M. Juniper a insisté sur l’importance de veiller à la préservation des espèces. Seule la constitution de zones protégées pourrait contribuer à prévenir la disparition des espèces.
Recherche sur l’environnement marin
Dans un exposé visant à rendre compte des résultats de l’atelier technique organisé au siège de l’Autorité du 29 juillet au 2 août, M. Alex D. Rogers, principal chercheur en biodiversité au British Antarctic Survey au Royaume-Uni, a proposé quelques projets dans le domaine de la recherche sur l’environnement marin.
M. Rogers a signalé que le travail scientifique mené dans la zone de fracture de Clarion-Clipperton de l’océan du Sud-Pacifique – endroit où se trouve la plus grande concentration de gisements de nodules polymétalliques – jetait de la lumière sur l’impact de l’exploitation des fonds marins, quelles que soient les méthodes utilisées. Néanmoins, des informations plus spécifiques relatives à beaucoup d’aspects de l’environnement marin et à la faune se trouvant sur les fonds marins étaient toujours nécessaires. Il a identifié quatre principaux domaines – tous relatifs à l’impact éventuel de l’extraction minière sur les fonds marins – dans lesquels des recherches pourront être menées.

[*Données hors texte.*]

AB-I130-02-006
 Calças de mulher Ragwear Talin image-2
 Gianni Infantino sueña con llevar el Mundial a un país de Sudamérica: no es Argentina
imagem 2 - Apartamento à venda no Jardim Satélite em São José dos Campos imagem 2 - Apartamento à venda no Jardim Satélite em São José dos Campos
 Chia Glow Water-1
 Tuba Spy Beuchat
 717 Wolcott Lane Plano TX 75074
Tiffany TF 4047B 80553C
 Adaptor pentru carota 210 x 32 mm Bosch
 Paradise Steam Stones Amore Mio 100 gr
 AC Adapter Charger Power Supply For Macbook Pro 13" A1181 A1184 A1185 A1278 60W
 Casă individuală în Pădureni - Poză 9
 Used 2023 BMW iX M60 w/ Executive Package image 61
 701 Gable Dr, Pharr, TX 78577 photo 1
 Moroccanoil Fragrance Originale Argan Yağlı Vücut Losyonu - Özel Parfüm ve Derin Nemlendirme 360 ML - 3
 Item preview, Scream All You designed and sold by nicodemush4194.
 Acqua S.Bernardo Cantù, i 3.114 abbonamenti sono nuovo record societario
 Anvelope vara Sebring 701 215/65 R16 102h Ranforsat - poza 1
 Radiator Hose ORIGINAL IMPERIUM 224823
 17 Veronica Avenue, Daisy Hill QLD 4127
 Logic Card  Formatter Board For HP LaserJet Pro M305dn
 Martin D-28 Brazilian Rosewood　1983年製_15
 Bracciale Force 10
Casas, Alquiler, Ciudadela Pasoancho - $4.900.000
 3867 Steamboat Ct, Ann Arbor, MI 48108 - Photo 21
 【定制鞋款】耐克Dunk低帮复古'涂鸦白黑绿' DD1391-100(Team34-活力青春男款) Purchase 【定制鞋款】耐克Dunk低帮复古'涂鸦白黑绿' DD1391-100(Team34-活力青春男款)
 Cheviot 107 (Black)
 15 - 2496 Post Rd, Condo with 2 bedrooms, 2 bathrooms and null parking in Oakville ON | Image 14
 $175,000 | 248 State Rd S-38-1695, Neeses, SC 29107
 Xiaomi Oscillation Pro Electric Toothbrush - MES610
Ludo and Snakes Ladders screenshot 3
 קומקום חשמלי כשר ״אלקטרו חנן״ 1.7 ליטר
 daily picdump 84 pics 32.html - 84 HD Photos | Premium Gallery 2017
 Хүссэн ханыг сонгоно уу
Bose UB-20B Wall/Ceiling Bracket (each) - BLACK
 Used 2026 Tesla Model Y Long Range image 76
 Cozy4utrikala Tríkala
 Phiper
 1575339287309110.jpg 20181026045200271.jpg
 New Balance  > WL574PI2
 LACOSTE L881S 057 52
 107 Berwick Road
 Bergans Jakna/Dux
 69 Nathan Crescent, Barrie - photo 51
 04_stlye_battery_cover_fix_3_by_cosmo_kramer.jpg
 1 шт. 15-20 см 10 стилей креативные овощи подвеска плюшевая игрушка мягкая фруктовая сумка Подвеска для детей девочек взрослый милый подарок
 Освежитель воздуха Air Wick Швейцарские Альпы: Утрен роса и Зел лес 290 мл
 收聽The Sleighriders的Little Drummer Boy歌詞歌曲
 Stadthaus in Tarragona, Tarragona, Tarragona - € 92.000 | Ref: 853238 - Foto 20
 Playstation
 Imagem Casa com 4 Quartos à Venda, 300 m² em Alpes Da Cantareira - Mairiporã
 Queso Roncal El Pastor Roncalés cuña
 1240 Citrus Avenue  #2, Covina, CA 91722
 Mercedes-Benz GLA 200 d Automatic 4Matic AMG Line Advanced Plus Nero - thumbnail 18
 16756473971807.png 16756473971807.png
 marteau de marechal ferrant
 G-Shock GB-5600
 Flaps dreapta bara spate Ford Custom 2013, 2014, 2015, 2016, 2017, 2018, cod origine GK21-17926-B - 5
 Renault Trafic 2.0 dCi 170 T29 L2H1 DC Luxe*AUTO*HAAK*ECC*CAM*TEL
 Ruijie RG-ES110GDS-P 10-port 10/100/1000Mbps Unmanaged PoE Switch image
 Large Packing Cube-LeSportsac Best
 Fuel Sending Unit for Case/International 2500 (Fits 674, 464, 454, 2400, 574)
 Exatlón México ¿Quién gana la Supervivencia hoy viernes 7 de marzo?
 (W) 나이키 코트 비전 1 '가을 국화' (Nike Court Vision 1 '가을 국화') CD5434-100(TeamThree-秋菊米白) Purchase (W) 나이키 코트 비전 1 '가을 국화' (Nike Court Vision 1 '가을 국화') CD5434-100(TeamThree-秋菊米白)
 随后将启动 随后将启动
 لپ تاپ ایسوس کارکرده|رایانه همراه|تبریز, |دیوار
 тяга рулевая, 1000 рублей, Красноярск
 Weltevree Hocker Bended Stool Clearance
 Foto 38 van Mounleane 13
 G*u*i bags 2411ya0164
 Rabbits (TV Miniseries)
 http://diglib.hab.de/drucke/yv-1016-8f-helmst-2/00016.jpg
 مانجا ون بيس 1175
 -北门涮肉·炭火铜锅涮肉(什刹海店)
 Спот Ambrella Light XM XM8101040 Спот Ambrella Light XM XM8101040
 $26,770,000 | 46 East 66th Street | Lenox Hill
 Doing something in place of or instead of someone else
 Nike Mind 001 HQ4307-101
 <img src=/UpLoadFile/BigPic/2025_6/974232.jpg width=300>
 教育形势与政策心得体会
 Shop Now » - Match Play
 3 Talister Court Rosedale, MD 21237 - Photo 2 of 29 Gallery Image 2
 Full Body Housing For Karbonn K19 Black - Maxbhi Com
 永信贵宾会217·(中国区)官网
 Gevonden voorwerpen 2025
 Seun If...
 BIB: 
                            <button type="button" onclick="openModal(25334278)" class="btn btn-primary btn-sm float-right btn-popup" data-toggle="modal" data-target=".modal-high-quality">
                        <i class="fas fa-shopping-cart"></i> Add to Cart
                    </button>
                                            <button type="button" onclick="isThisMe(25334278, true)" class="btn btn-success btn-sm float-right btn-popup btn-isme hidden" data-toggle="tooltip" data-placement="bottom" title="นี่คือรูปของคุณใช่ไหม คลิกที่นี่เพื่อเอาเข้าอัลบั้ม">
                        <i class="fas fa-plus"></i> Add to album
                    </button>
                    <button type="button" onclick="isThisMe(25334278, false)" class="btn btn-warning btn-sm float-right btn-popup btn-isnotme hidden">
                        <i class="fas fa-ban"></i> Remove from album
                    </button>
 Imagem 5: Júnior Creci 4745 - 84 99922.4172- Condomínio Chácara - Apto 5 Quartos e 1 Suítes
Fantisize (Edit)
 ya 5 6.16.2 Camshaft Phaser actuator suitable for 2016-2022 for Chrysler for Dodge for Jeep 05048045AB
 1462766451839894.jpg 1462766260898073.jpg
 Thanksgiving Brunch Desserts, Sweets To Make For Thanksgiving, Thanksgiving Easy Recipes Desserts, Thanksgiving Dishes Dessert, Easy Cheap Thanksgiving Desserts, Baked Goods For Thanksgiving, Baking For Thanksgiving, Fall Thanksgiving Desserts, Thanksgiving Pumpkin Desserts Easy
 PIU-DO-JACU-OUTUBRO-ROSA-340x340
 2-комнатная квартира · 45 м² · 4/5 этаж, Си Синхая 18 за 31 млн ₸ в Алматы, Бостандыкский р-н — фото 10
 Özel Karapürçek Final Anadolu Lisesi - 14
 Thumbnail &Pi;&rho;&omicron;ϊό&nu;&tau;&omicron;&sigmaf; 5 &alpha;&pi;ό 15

Le premier projet, qui devra débuter en février prochain, visera la recherche sur la biodiversité et les gammes d’espèces dans les zones riches en nodules, tenant compte toutefois que les connaissances sur les nodules étaient encore très limitées. Certaines scientifiques estiment qu’entre 1 million et 100 millions d’espèces, méconnues de la science, vivaient sur les fonds marins. En l’absence d’autres connaissances, a-t-il ajouté, il serait difficile de prédire lesquelles de ces espèces seraient touchées par l’exploitation. Il a décrit une approche pour l’identification des organismes par l’analyse moléculaire de l’acide désoxyribonucléique (ADN), matériau de base des gènes.
Il a en outre signalé des recherches futures entreprises sur le processus de recolonisation à la suite de perturbations causées par la collecte de nodules sur les fonds marins, ceci dans le but d’examiner la vitesse à laquelle les communautés d’animaux se reconstitueraient ainsi que les moyens et les modes de ce processus. M. Rogers a décrit un engin utilisé sur les fonds marins pour filmer les changements qui surviennent sur une durée assez longue.
Deux autres projets examineraient les effets des déchets causées par l’exploitation sur les communautés pélagiques (nageantes ou flottantes) au-dessus des sites miniers ainsi que la variabilité naturelle des écosystèmes des fonds de mer dans le temps et dans l’espace.
En conclusion, il a souligné l’importance de la collaboration internationale dans la recherche sur les océans.